What you are asked to do: Could you set down exactly the lines of the data below, starting at the one that holds "Handwritten Signature for" and ending at the one that holds "The Babbacombe Hotel Торки Экстерьер фото", both included, and only those?

[[ Records to process, beginning ]]

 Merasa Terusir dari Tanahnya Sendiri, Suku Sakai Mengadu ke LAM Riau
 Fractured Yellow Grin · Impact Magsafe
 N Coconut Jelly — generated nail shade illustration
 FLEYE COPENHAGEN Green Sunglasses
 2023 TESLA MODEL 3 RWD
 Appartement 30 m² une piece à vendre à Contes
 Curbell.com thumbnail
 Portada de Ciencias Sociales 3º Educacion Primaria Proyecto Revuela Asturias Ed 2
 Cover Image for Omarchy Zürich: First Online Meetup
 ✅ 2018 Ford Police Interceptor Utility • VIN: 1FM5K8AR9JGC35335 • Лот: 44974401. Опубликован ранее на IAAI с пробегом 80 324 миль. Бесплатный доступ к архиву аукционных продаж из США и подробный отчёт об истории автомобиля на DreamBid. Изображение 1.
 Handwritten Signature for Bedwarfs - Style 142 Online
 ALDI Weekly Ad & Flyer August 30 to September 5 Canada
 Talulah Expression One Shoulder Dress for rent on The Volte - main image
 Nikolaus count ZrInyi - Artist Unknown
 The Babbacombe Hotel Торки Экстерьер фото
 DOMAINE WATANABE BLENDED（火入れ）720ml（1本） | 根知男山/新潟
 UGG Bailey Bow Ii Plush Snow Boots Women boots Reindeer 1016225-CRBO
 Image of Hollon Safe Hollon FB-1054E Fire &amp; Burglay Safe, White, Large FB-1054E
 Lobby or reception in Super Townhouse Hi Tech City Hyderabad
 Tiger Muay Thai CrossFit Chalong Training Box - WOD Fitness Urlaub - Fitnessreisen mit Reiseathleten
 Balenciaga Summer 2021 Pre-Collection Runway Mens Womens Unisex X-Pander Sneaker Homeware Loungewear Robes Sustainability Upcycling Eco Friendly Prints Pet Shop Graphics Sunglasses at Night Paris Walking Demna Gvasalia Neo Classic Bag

[[ Records to process, end ]]

Reply:
 Handwritten Signature for Bedwarfs - Style 142 Online
 ALDI Weekly Ad & Flyer August 30 to September 5 Canada
 Talulah Expression One Shoulder Dress for rent on The Volte - main image
 Nikolaus count ZrInyi - Artist Unknown
 The Babbacombe Hotel Торки Экстерьер фото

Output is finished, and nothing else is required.